Nice to see that Ruth Negga who played Curtis’ doomed girlfriend Nicki in Misfits is not just still dealing with superpowers but has even been promoted to super-villainess in Agents of S.H.I.E.L.D. Actually, I’m wondering if she is supposed to be either Viper/Madame Hydra or an updated stand-in for the character. I half expected the final explosion to scar half of her face.

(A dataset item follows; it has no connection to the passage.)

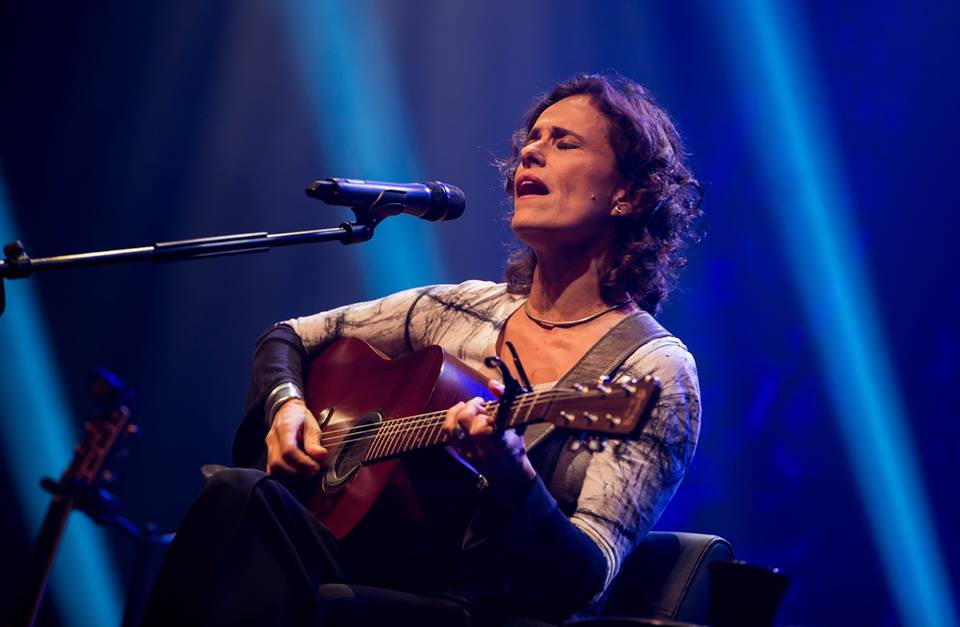 Zélia Duncan canta na Virada Cultural 2019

But can anybody tell me why every person of colour we see in Agents of S.H.I.E.L.D who’s not Agent May or Nick Fury or Ron Glass is either an out-of-control superbeing or a villain or both. Once or twice is acceptable, but four out of five episodes so far had villains of colour and/or out-of-control superbeings of colour and that’s a definite pattern, made even more notable by the fact that five of the six main characters are white. A pattern that’s highly problematic. And while I would have expected that sort of thing from the likes of NCIS or NCIS LA (ever notice how every Asian to appear in either show is inevitably a villain?), I would have expected better from a Joss Whedon show, even though Whedon has had his share of race and gender fails in the past.
What is more, having just watched the pilot of the latest season (should be season 18, unless I got mixed up) of the long-running German action series Alarm für Cobra 11 – The Highway Cops I can’t help but notice how cheap US action shows like NCIS or Agents of S.H.I.E.L.D look by comparison. Indeed, the truck/car chase on a deserted highway in the Agents of S.H.I.E.L.D. episode with the gravity negating element immediately elicited the reaction “Well, Cobra 11 it’s not” from me, because on Alarm für Cobra 11 the highway would have been full, the truck and/or the escort cars would have caused a mass crash involving a fuel truck, a truck transporting crates of bottles, bricks or something else to spray messily all over the highway, a schoolbus full of singing nuns and about twenty-five cars plus at least one helicopter and a luxury car (Mercedes, BMW or rarely Porsche) to destroy. This is of course ironic, because Alarm für Cobra 11 was originally created as a replacement for US action shows like Knight Rider or The A-Team or Airwolf on which the TV station RTL had built its reputation and which the US suddenly stopped producing in the early 1990s. And here we are, almost twenty years later, and Alarm für Cobra 11 suddenly looks so much better than the sort of show it once was supposed to copy*. You can watch the show online here BTW. Only in German, but it’s not as if the dialogue is all that important anyway.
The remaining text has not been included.